Smoke Alarm Detection Enabled By Mistake in Google Home Devices

Google Home should only listen when users speak the activation words. Users reported that their smart assistants started to pick up and register various sounds in people’s homes, wrongly, as smoke alarms.

Smart speakers, powered by smart assistants, slowly become the norm. People tend to forget they are around, ready to answer and record. Google, Amazon and Apple are regularly in hot water because they have to deal with the privacy nightmare that accompanies personal data collection.

Technically, the devices only activate when spoken to, but that’s not always the case. It turns out that devices can independently listen if the company that builds them wishes it so. Or, in this case, if the company enables a feature by mistake.

A Reddit user observed a notification on his phone that Google heard a smoke detector going off.

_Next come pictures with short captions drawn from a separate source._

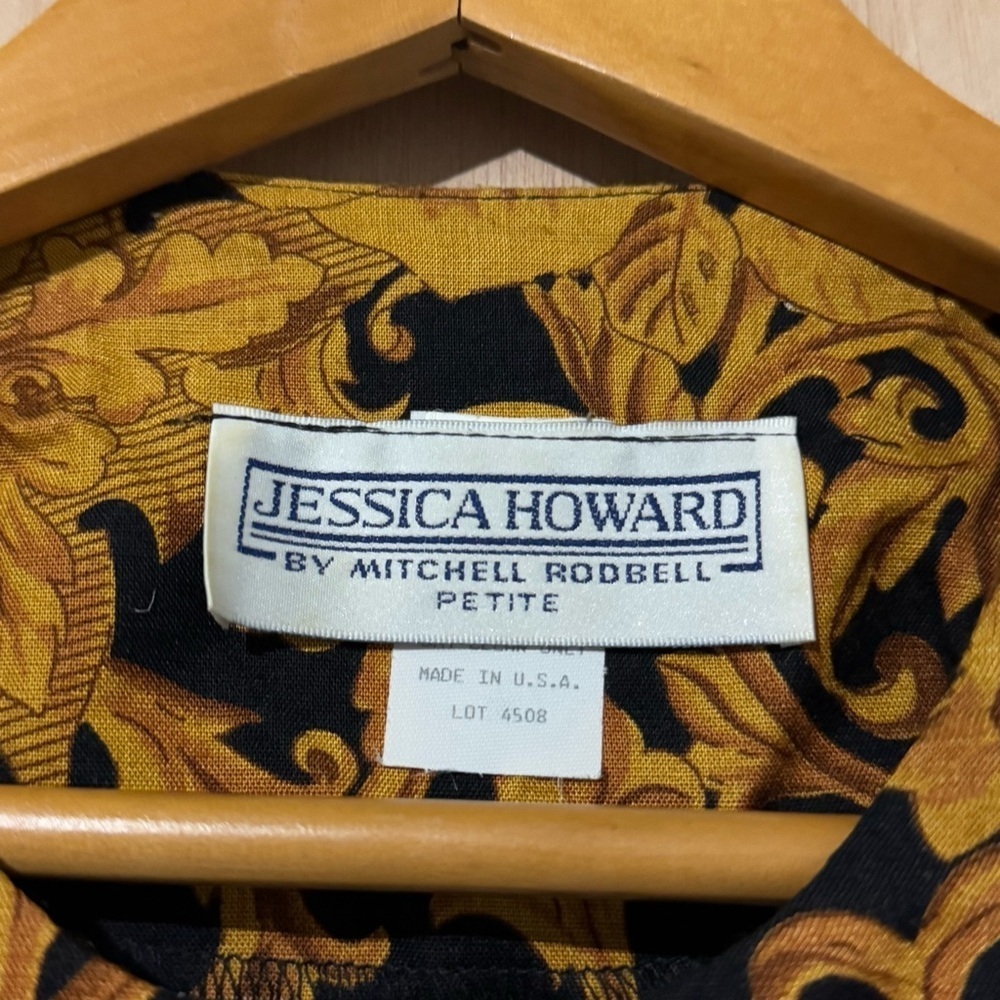 Vintage Jessica Howard Gold Black Floral Print Double Breasted Long Sleeve Top - Picture 3 of 4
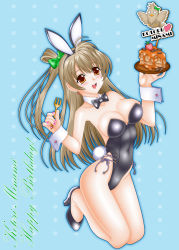 Rule 34 | 1girl, animal ears, aqua background, artist name, artist request, bare legs, bare shoulders, black footwear, black high heels, blush, breasts, brown eyes, cake, collarbone, collared dress, dress, earrings, fake animal ears, female focus, food, fork, full body, grey hair, high heels, highres, holding, holding fork, holding plate, jewelry, leotard, long hair, looking at viewer, love live!, love live! school idol project, medium breasts, minami kotori, nail polish, nails, parted lips, pink nails, plate, playboy bunny, polka dot, polka dot background, rabbit ears, reonaru ryu, smile, solo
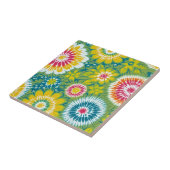 Kleurrijke Boho bloemenstropdas Dye Design Tegeltje (Zijkant)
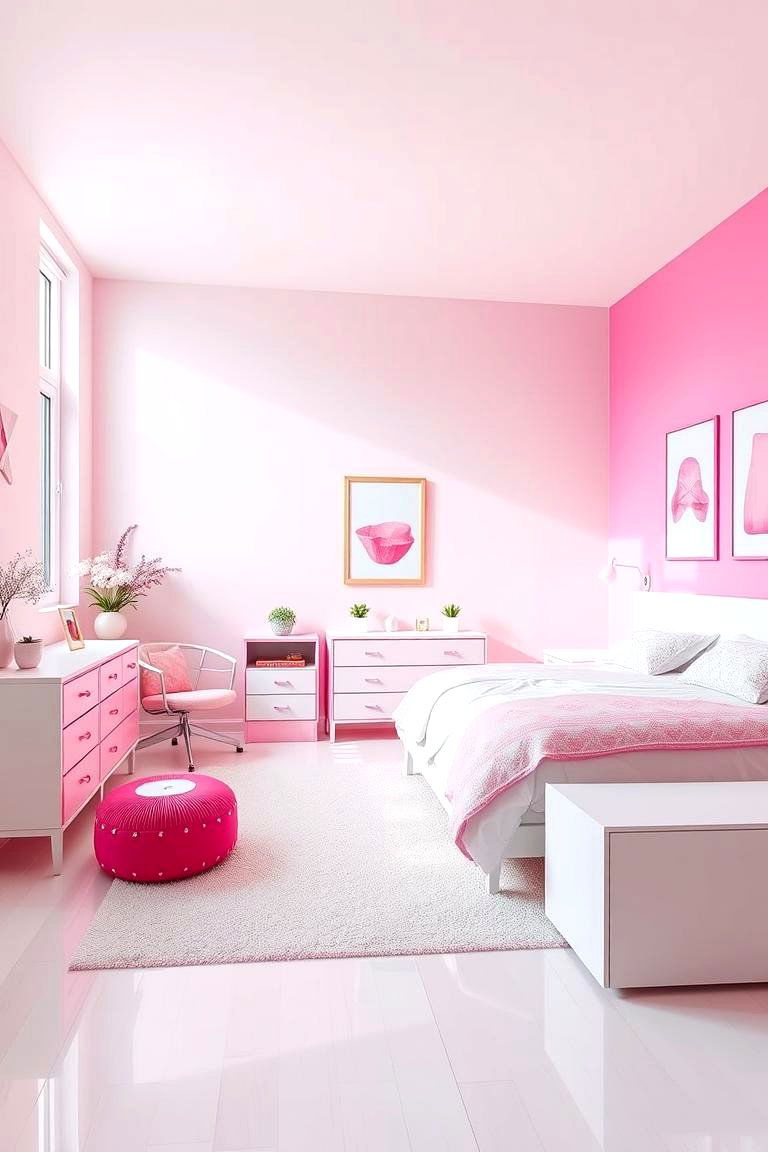 Hot Pink and White Contrast Scheme - 24 Hot Pink Bedroom Ideas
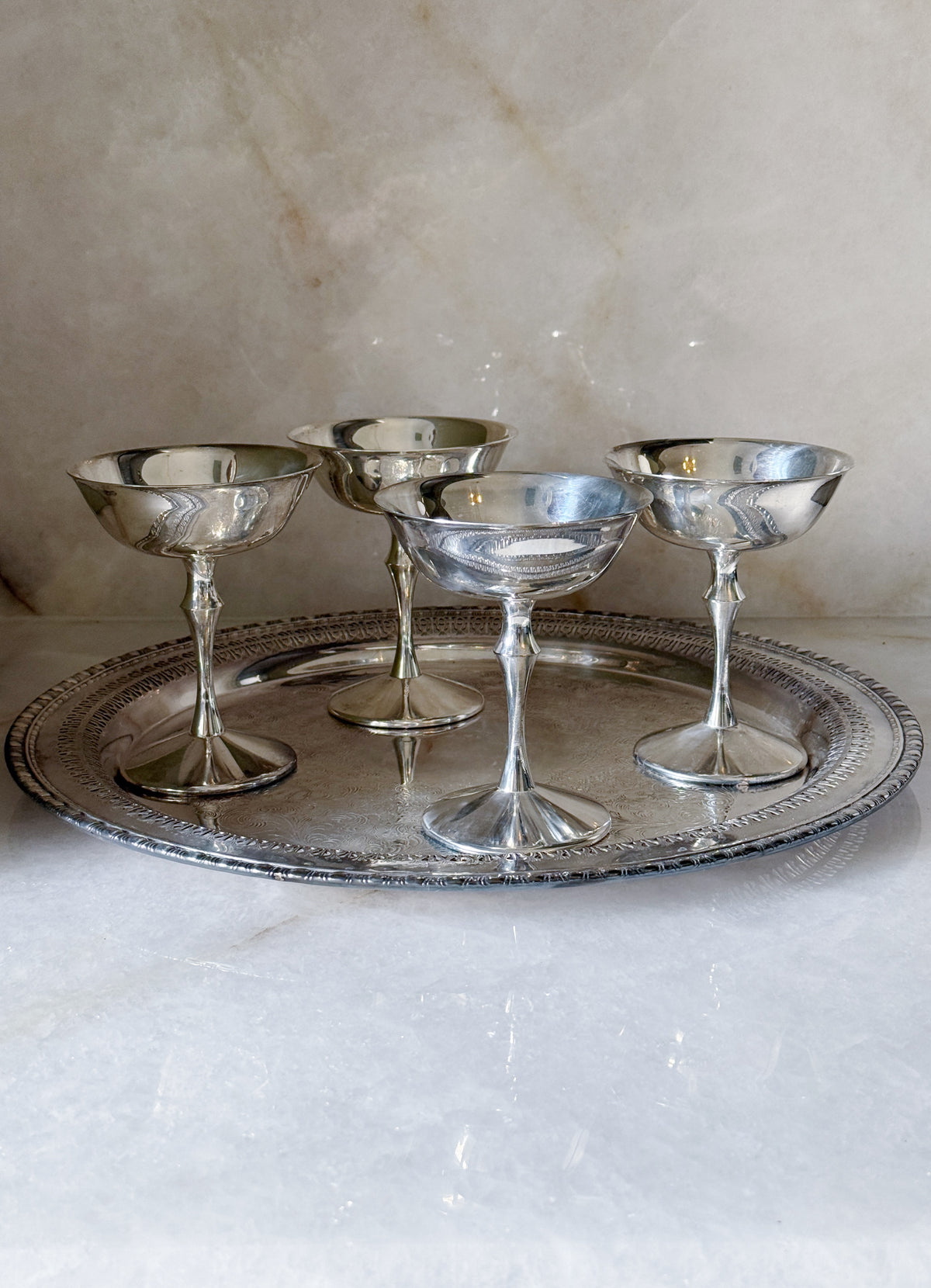 Vintage Silver Coupes - Set of Four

This happened while cooking, and it turns out that his Google Home was the one that caught the sound. Keep in mind that a cheap smoke detector with no Internet connection made the sound.

Google cleared the situation by explaining that it was a mistake.

“The feature was accidentally enabled for some users through a recent software update and has since been rolled back,” Google told Protocol.

The company is likely testing this new feature, which would allow people to closely monitor their homes when they’re away. It also gives a new perspective on what these companies can do with the flick of a switch.

The Reddit user wasn’t the only one to notice the notifications, and other people said that the sound of broken glass or construction could also trigger the smoke alarm notification.

Amazon’s Echo already has a similar feature called “Guard.” The difference is that it has to be explicitly enabled when leaving the house, and it’s not triggered automatically.